DATA →
┄┄┄┄┄┄

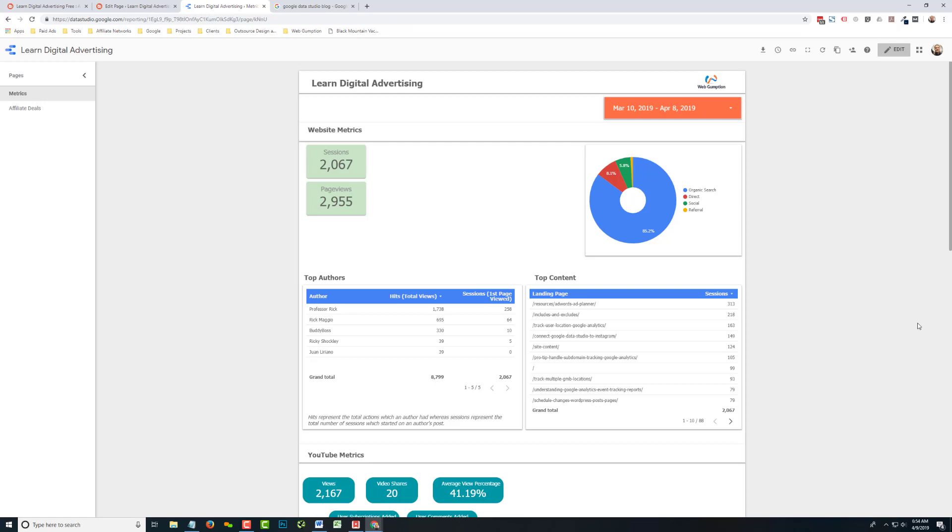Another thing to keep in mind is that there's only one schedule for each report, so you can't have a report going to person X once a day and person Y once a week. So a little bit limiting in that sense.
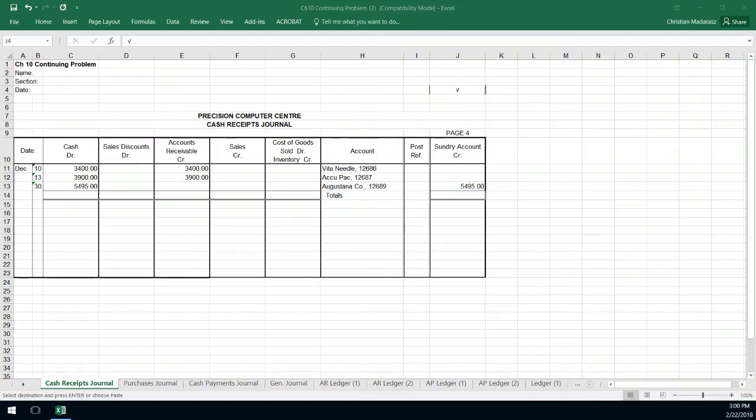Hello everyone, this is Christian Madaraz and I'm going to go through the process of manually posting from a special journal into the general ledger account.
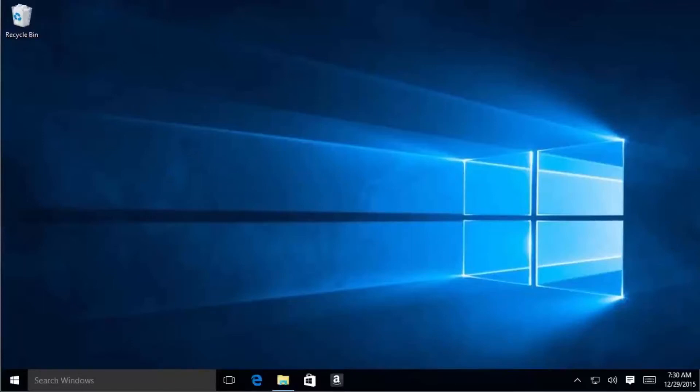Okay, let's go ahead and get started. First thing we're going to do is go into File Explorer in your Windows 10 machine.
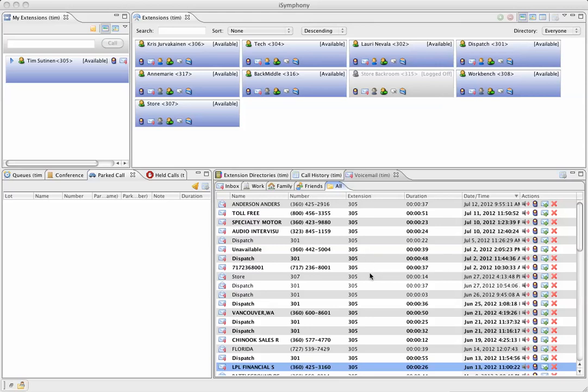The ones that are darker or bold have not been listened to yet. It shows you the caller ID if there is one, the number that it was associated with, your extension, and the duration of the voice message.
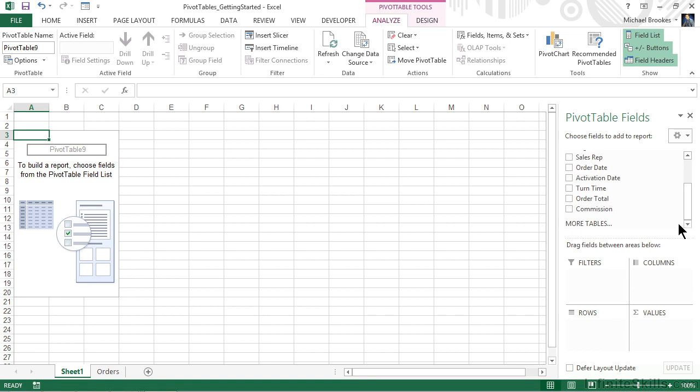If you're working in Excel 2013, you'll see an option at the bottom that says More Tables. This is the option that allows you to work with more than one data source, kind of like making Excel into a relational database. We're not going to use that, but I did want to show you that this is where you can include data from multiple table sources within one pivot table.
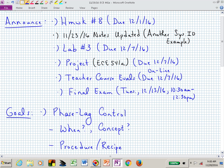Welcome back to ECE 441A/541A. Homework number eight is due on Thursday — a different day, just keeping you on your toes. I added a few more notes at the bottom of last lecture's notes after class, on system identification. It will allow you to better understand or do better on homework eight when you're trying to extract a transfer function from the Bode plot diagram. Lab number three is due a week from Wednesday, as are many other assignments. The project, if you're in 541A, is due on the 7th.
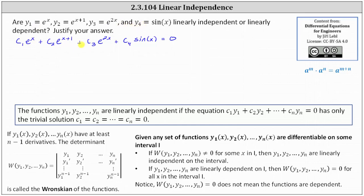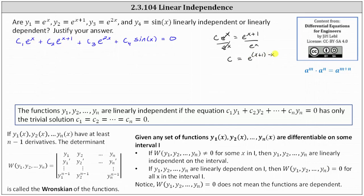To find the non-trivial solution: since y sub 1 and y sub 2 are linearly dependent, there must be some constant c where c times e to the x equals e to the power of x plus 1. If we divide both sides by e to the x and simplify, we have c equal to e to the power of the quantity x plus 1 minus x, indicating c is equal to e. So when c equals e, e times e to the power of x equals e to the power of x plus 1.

┄┄┄┄┄┄

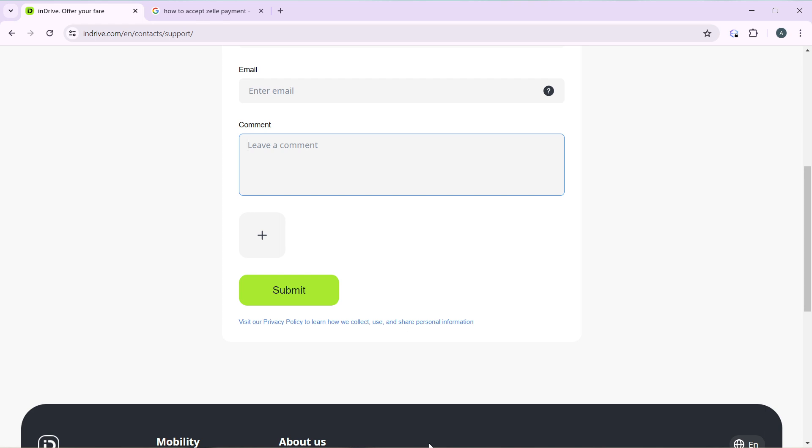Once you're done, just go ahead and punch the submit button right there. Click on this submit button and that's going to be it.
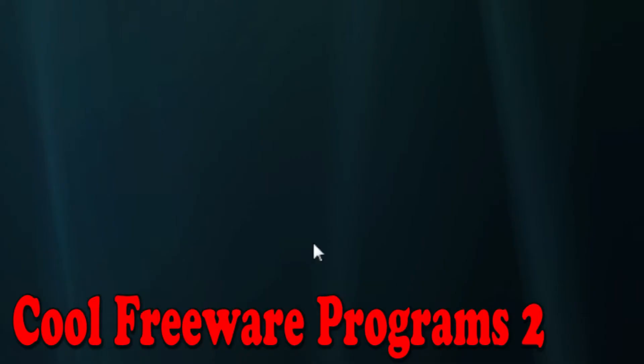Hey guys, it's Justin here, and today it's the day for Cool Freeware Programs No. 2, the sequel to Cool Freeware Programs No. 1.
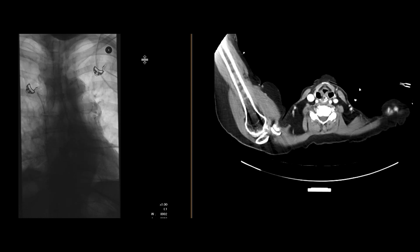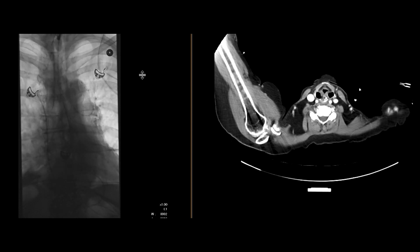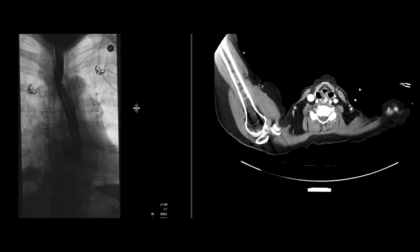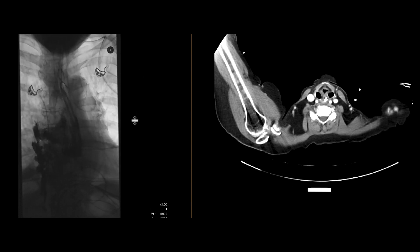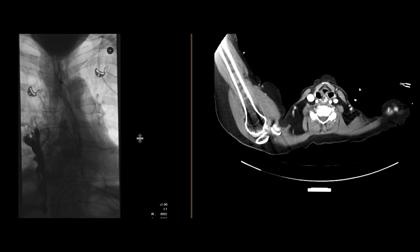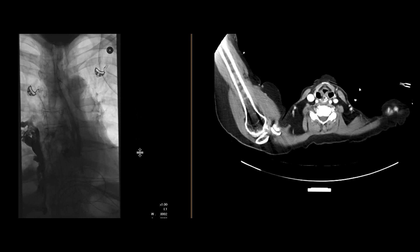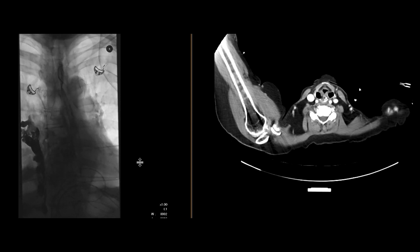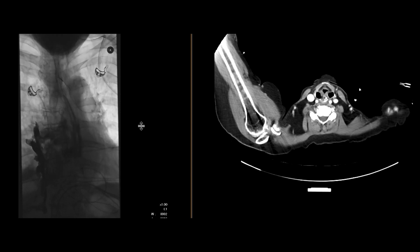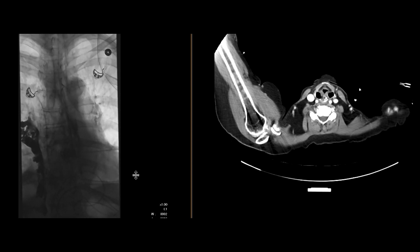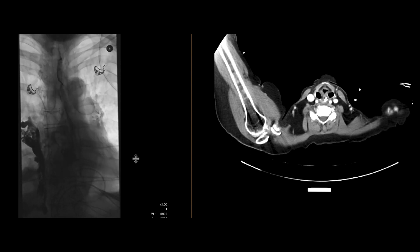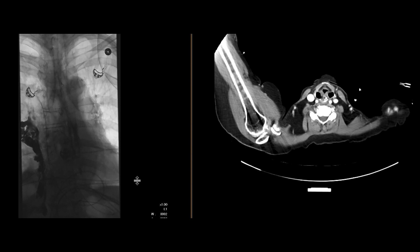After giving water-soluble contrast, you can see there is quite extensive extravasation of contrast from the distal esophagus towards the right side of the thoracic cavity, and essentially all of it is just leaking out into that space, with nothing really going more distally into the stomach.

┄┄┄┄┄┄

Set the pictures aside and retype exactly the lines above from the line with "Another thing to" to the line with "To find the", both included, adding no others.

Another thing to keep in mind is that there's only one schedule for each report, so you can't have a report going to person X once a day and person Y once a week. So a little bit limiting in that sense.
Hello everyone, this is Christian Madaraz and I'm going to go through the process of manually posting from a special journal into the general ledger account.
Okay, let's go ahead and get started. First thing we're going to do is go into File Explorer in your Windows 10 machine.
The ones that are darker or bold have not been listened to yet. It shows you the caller ID if there is one, the number that it was associated with, your extension, and the duration of the voice message.
If you're working in Excel 2013, you'll see an option at the bottom that says More Tables. This is the option that allows you to work with more than one data source, kind of like making Excel into a relational database. We're not going to use that, but I did want to show you that this is where you can include data from multiple table sources within one pivot table.
Welcome back to ECE 441A/541A. Homework number eight is due on Thursday — a different day, just keeping you on your toes. I added a few more notes at the bottom of last lecture's notes after class, on system identification. It will allow you to better understand or do better on homework eight when you're trying to extract a transfer function from the Bode plot diagram. Lab number three is due a week from Wednesday, as are many other assignments. The project, if you're in 541A, is due on the 7th.
To find the non-trivial solution: since y sub 1 and y sub 2 are linearly dependent, there must be some constant c where c times e to the x equals e to the power of x plus 1. If we divide both sides by e to the x and simplify, we have c equal to e to the power of the quantity x plus 1 minus x, indicating c is equal to e. So when c equals e, e times e to the power of x equals e to the power of x plus 1.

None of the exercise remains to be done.